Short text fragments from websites
────────────────────────────────────────

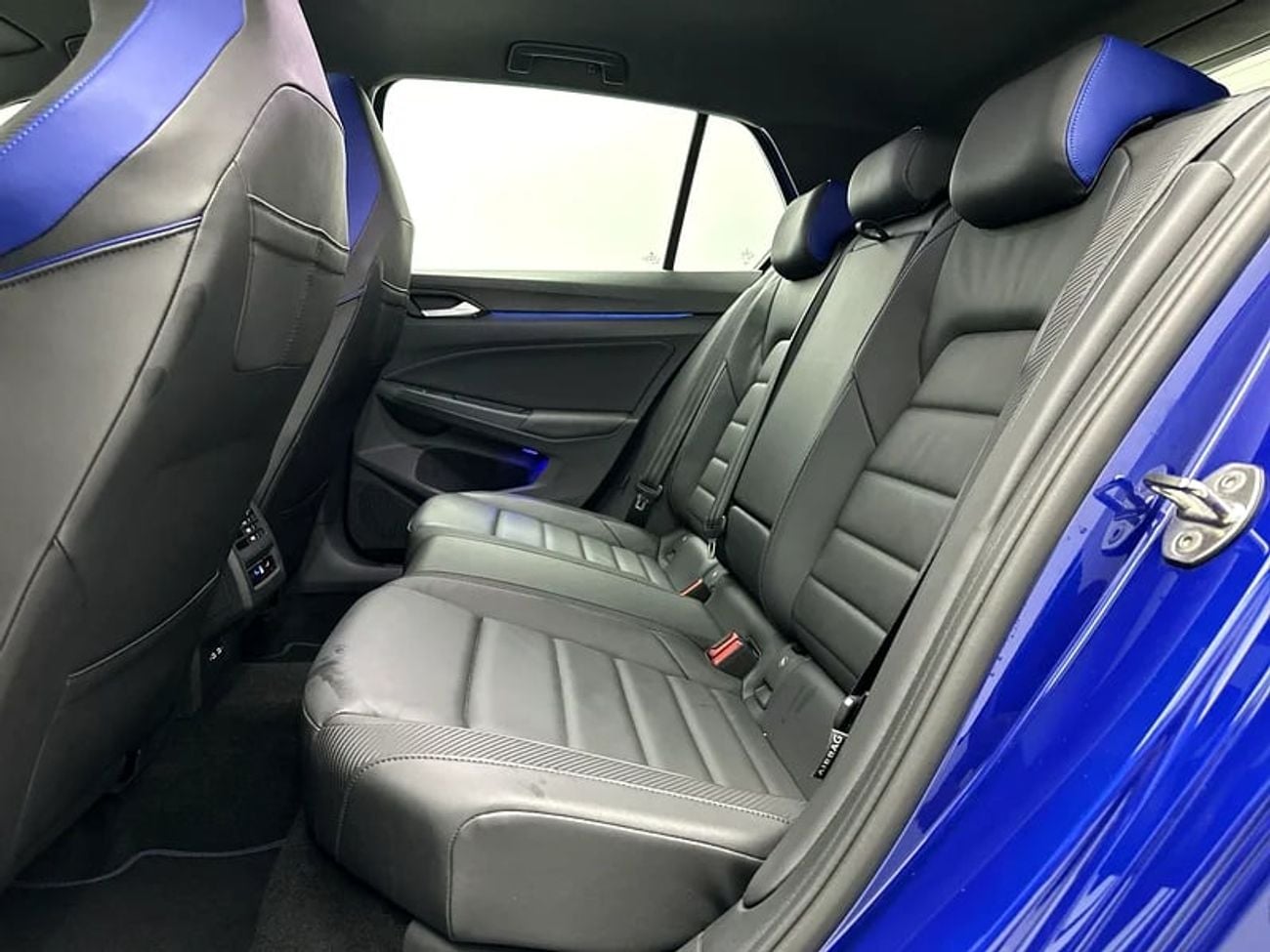 Volkswagen Golf R R 2.0L R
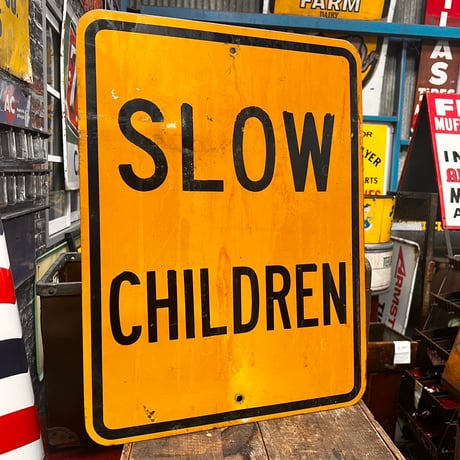 Vintage SLOW CHILDREN 道路標識　19-111-1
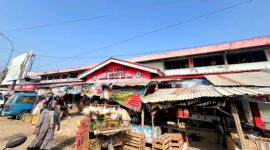 Beberapa pedagang berada di depan Pasar 17 Agustus di Jalan Pintu Gerbang, Kelurahan Bugih, Pamekasan, Rabu (14/10/2026). (LAILIYATUN NURIYAH/KLIK MADURA).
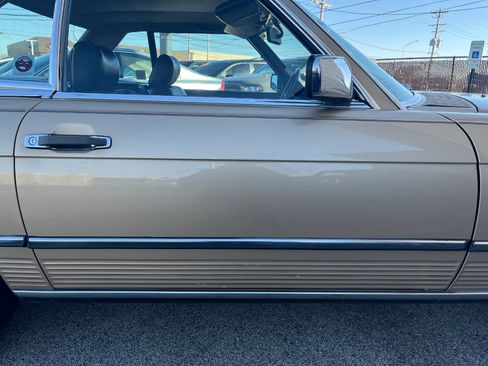 Used 1987 Mercedes-Benz 560 SL image 21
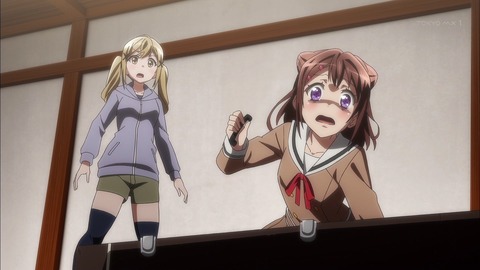 251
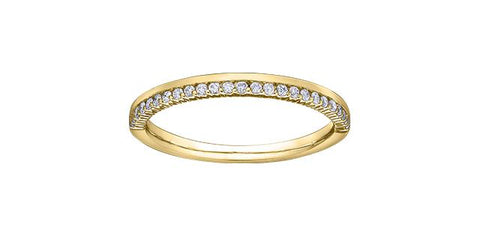 Yellow gold & diamond band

────────────────────────────────────────

» **Problem to solve**: Write out the data in full and exactly as given, though without the images.

» **Answer section**:
 Volkswagen Golf R R 2.0L R
 Vintage SLOW CHILDREN 道路標識　19-111-1
 Beberapa pedagang berada di depan Pasar 17 Agustus di Jalan Pintu Gerbang, Kelurahan Bugih, Pamekasan, Rabu (14/10/2026). (LAILIYATUN NURIYAH/KLIK MADURA).
 Used 1987 Mercedes-Benz 560 SL image 21
 251
 Yellow gold & diamond band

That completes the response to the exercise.